Оружие вытаскивают грешники, натягивают лука своего, чтобы перестрелять нищих, заколоть правых сердцем. Оружие их войдет в сердце их, и луки их сломаются.
Владимир Мономах, великий князь киевский (1113-1125), государственный и политический деятель

«Главное — остаться людьми»

К 60-летию Великой Победы
28 апреля, 2005 - 19:36

Глуховатый голос, стройный, невысокого роста, седая шевелюра — это Борис Прокофьевич Топор, которому стукнуло 82. Тот самый, вышедший из севастопольской мясорубки, которая перемолола жизни ста тысяч бойцов, которого чуть не запытали до смерти в тираспольской тюрьме. Это он не раз побеждал саму смерть и дошел до Рейхстага...

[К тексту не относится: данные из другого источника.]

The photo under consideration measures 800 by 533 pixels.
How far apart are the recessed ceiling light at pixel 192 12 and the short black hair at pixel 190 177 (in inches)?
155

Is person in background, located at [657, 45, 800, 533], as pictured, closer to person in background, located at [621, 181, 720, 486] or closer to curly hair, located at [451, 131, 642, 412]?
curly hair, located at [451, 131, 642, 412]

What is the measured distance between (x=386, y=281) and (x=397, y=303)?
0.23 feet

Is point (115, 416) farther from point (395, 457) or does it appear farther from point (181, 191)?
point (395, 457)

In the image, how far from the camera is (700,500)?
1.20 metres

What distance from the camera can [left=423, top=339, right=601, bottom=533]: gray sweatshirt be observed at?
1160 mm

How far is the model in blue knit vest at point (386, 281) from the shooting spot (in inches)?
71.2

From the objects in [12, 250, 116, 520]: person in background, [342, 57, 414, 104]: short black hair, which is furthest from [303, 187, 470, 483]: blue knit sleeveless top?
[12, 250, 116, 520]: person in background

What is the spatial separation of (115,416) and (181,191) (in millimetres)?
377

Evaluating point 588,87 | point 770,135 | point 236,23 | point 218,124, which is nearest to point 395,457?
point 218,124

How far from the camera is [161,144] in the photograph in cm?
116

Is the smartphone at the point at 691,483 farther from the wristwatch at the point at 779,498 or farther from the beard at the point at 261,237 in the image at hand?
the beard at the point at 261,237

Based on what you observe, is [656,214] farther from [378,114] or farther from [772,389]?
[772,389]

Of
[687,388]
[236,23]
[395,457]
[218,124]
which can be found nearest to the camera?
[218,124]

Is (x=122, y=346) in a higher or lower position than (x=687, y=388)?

Итак, попробуем еще раз перелистать «личное дело» этой непростой судьбы, чтобы понять, какие нечеловеческие испытания способен вынести человек и не сломаться, а наоборот — сберечь душу духовно богатой и родниково чистой.

ТАК ЗАКАЛЯЛАСЬ СТАЛЬ

Борис Топор родился в г. Ананьеве в августе 1922 года. Учился с желанием, среднюю школу закончил на отлично. Как и все дети того времени, много работал. Энергично обрабатывал огород, любил пасти корову, кормить свиней, плотничал. Десятилетний мальчишка уже знал отцовский урок воспитания: в жизни не руганью — лаской большего добьешься.

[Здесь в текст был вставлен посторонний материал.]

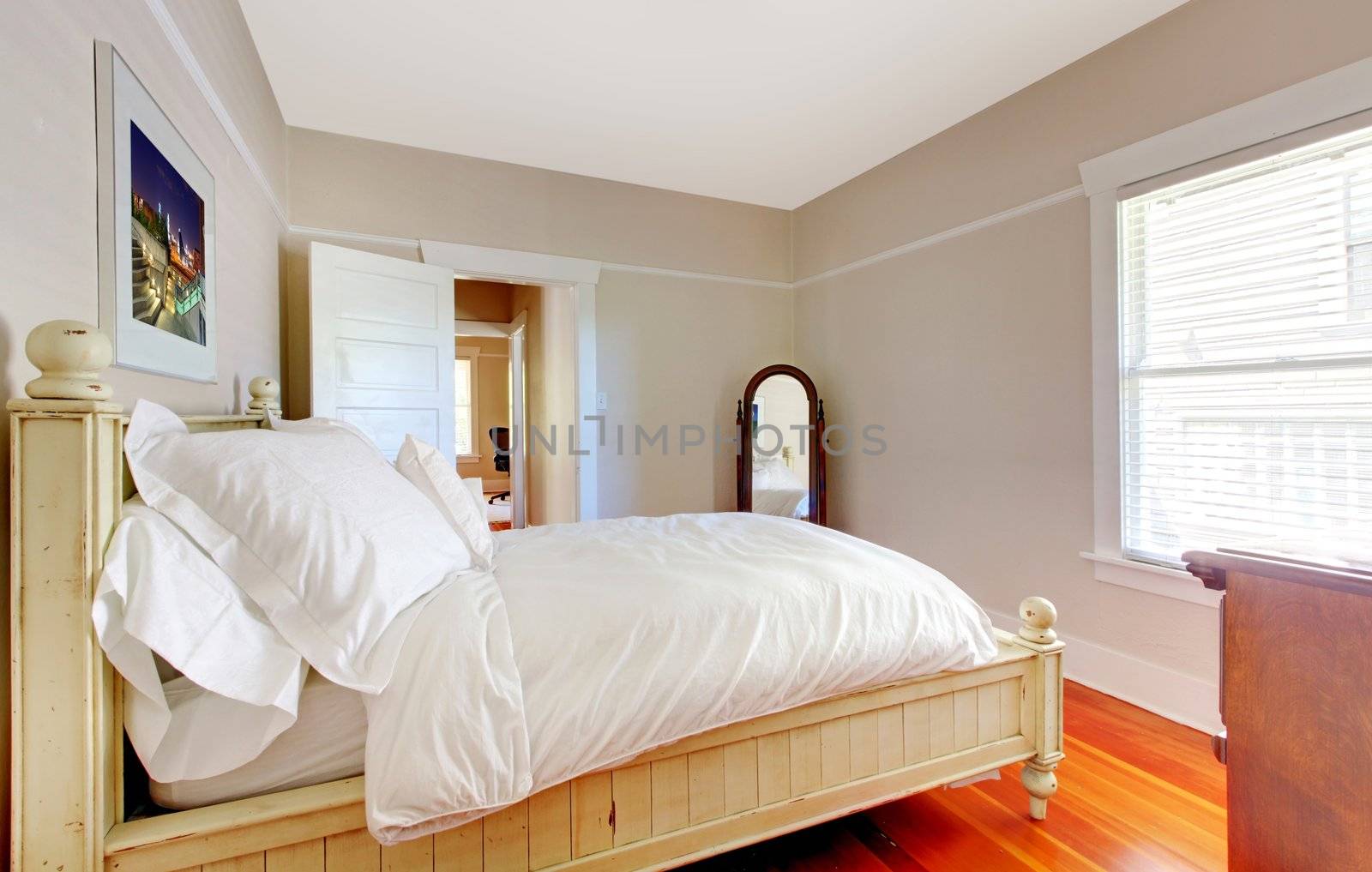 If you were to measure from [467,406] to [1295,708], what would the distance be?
24.4 feet

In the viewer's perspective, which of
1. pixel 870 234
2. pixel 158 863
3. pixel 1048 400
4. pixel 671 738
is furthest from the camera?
pixel 870 234

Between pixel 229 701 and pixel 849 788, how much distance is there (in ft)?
4.08

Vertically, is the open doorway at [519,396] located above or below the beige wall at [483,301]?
below

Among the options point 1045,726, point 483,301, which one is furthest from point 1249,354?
point 483,301

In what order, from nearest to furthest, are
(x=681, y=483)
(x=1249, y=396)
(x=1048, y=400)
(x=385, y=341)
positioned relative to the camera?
(x=1249, y=396)
(x=1048, y=400)
(x=385, y=341)
(x=681, y=483)

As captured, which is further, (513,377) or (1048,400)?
(513,377)

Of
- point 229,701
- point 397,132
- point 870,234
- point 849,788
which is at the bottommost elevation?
point 849,788

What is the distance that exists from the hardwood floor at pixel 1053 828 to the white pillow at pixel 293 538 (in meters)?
1.03

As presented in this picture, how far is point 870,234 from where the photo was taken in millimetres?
3586

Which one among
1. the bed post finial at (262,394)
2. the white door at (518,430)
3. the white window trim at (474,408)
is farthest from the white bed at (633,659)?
the white window trim at (474,408)

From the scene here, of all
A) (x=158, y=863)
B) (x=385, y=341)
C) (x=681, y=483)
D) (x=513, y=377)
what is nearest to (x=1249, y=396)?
(x=681, y=483)

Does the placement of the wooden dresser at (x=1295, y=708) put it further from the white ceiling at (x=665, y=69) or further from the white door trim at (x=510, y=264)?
the white door trim at (x=510, y=264)

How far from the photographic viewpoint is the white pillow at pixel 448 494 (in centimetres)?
151

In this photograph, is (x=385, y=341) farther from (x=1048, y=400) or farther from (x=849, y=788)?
(x=1048, y=400) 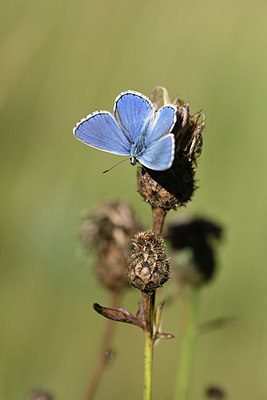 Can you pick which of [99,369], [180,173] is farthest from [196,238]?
[180,173]

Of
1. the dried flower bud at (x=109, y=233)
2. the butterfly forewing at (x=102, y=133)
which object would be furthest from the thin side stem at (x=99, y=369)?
the butterfly forewing at (x=102, y=133)

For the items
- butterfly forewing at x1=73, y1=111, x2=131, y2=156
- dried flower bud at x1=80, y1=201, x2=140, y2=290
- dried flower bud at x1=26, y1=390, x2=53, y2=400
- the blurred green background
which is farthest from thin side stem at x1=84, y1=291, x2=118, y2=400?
butterfly forewing at x1=73, y1=111, x2=131, y2=156

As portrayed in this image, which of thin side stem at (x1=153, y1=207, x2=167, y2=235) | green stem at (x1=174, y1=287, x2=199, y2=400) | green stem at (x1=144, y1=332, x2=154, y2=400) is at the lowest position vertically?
green stem at (x1=144, y1=332, x2=154, y2=400)

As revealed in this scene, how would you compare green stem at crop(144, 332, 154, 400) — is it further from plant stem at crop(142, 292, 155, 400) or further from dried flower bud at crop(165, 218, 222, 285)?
dried flower bud at crop(165, 218, 222, 285)

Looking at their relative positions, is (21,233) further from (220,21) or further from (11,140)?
(220,21)

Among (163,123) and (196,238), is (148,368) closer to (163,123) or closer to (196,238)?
(163,123)

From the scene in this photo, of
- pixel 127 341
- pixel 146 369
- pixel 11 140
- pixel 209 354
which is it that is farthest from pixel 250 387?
pixel 11 140

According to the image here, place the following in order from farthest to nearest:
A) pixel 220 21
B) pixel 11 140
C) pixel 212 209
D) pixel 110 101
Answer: pixel 220 21 < pixel 110 101 < pixel 11 140 < pixel 212 209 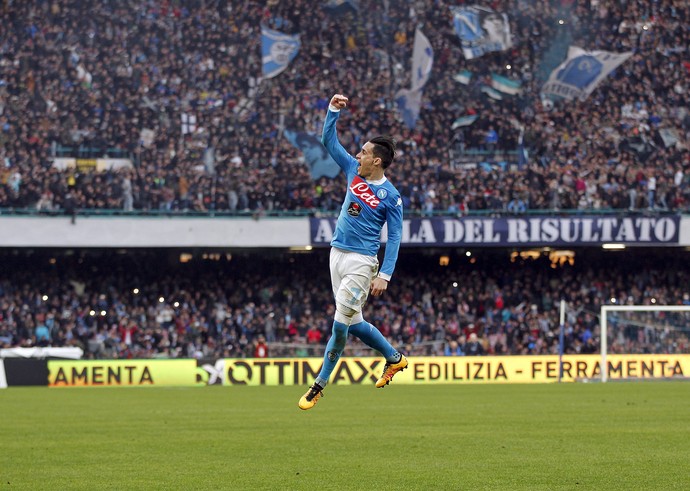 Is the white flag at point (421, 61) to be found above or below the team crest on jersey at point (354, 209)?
below

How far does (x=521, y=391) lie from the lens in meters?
25.0

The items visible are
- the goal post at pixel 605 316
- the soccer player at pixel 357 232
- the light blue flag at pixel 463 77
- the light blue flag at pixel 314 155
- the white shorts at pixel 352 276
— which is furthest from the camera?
the light blue flag at pixel 463 77

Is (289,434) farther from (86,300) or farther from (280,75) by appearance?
(280,75)

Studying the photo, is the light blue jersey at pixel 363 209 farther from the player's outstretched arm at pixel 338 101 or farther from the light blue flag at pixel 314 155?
the light blue flag at pixel 314 155

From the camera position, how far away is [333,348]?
10633mm

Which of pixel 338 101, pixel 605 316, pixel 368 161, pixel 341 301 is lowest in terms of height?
pixel 605 316

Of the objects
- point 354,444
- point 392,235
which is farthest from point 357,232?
point 354,444

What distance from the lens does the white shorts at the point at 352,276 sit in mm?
10406

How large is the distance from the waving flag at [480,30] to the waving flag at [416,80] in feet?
4.84

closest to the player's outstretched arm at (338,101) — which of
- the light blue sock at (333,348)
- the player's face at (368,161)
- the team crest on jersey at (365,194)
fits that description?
the player's face at (368,161)

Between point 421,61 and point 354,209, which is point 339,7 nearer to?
point 421,61

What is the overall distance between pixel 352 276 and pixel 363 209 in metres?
0.60

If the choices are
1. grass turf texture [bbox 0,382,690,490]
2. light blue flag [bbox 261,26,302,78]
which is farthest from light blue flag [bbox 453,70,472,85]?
grass turf texture [bbox 0,382,690,490]

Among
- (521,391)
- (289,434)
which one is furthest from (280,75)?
(289,434) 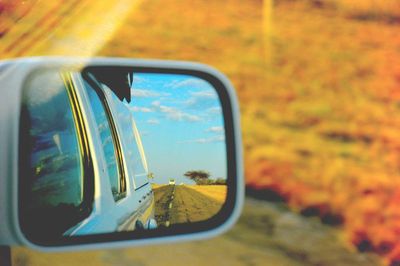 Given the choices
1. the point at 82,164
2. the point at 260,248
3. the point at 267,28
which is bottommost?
the point at 260,248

Он запомнил эпизод из детства, когда вместе с однолетками «игрался в войну» и вдруг получил удар в нос. Мгновенно мобилизовал свою энергию, и «противник» полетел вверх тормашками. Но тут подошел и... пожалел. То был второй отцовский урок: не нужно обижать человека, если он и сделал что-то плохое...

Романтическому, настроенному на волну высоких помыслов, судьба готовила серьезный экзамен. Его молодость, на которую выпала война, по сути, была борьбой добра и зла. Армейская труба позвала Бориса в 1940 году. Только разобрался в тонкостях управления зенитного дивизиона береговой охраны, как началась война.

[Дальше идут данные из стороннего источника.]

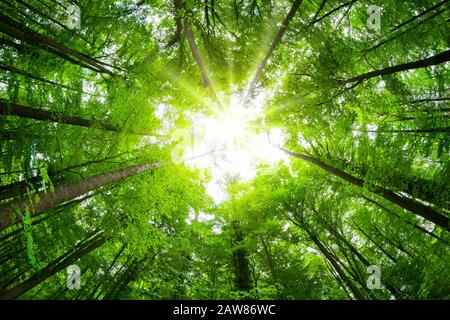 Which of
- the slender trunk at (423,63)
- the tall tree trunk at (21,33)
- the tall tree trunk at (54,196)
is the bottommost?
the tall tree trunk at (54,196)

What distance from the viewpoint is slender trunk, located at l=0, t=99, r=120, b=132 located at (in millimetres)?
2861

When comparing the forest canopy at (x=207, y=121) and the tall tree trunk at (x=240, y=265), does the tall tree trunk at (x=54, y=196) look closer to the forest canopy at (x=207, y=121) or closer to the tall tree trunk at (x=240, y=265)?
the forest canopy at (x=207, y=121)

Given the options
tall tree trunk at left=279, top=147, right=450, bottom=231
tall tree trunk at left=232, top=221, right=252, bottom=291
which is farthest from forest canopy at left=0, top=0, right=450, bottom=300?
tall tree trunk at left=232, top=221, right=252, bottom=291

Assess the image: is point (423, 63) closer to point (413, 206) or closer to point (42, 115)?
point (413, 206)

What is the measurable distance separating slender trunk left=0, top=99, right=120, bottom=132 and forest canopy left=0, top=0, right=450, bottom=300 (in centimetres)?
2

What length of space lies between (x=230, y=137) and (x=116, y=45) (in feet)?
11.3

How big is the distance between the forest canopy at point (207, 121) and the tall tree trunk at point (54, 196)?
0.02m

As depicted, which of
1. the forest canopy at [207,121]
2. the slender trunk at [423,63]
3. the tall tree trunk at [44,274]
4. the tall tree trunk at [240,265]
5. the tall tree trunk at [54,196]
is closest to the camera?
the tall tree trunk at [54,196]

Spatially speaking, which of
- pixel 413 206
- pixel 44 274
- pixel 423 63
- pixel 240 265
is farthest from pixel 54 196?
pixel 240 265

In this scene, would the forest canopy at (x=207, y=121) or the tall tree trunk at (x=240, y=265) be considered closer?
the forest canopy at (x=207, y=121)

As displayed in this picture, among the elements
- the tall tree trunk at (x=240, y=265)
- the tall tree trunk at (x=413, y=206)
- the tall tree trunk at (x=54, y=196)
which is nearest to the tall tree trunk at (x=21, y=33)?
the tall tree trunk at (x=54, y=196)

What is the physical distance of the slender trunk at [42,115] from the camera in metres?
2.86
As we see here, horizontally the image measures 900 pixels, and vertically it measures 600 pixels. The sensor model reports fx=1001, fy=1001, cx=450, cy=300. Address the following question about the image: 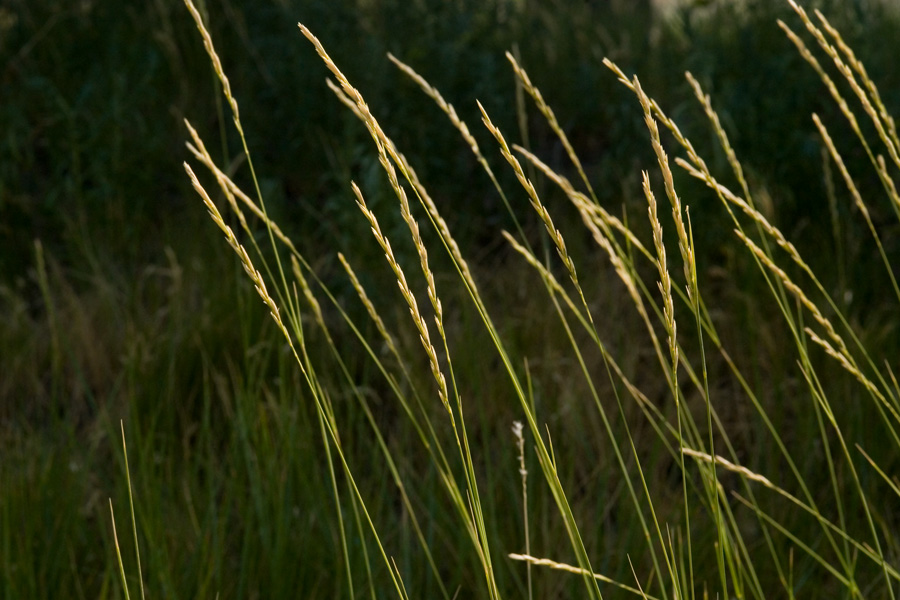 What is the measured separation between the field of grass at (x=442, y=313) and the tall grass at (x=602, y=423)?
0.05ft

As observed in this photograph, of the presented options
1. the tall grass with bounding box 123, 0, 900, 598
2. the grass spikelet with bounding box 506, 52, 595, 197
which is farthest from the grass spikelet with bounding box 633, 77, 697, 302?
the grass spikelet with bounding box 506, 52, 595, 197

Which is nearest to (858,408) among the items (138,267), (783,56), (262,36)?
(783,56)

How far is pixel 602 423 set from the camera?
240 centimetres

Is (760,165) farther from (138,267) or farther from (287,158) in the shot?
(138,267)

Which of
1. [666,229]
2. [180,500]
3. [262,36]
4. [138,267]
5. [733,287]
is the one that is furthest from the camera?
[262,36]

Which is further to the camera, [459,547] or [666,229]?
[666,229]

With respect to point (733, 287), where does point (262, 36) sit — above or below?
above

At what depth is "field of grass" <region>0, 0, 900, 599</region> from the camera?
55.7 inches

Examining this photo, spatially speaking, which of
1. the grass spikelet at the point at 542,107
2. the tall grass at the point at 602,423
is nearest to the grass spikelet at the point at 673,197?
the tall grass at the point at 602,423

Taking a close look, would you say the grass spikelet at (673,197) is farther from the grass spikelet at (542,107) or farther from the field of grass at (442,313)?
Result: the grass spikelet at (542,107)

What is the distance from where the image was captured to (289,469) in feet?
6.04

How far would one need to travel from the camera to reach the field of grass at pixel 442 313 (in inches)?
55.7

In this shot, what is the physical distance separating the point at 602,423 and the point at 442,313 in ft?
1.58

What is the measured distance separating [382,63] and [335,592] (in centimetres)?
222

Остров Березань, размером чуть больше гектара, лежащий на Черном море, был первой боевой позицией и жизненным плацдармом 19-летнего красноармейца Топора. Этот без единого дерева кусок земли (где, кстати, расстреляли лейтенанта Шмидта), расположен на подступах к военно-морской базе Очаков, и четыре зенитки охраняли здесь небо, вели противокатерную оборону. Первый бой 22 июня 1941 года зенитки выиграли, открыв прицельный заградительный огонь по немецким «юнкерсам». Два самолета упали в море, третий — на землю. В плен попал немецкий летчик-ас.

Несколько недель зенитки принимали весь огонь на себя, а когда немцы овладели Очаковом, тяжелые минометы буквально сравняли остров с водой. Поредели ряды защитников, закончились боеприпасы, вода... Ночью их спасла канонерская лодка. Но никто из тех живых счастливцев еще не знал, какое испытание ожидало их на большой земле...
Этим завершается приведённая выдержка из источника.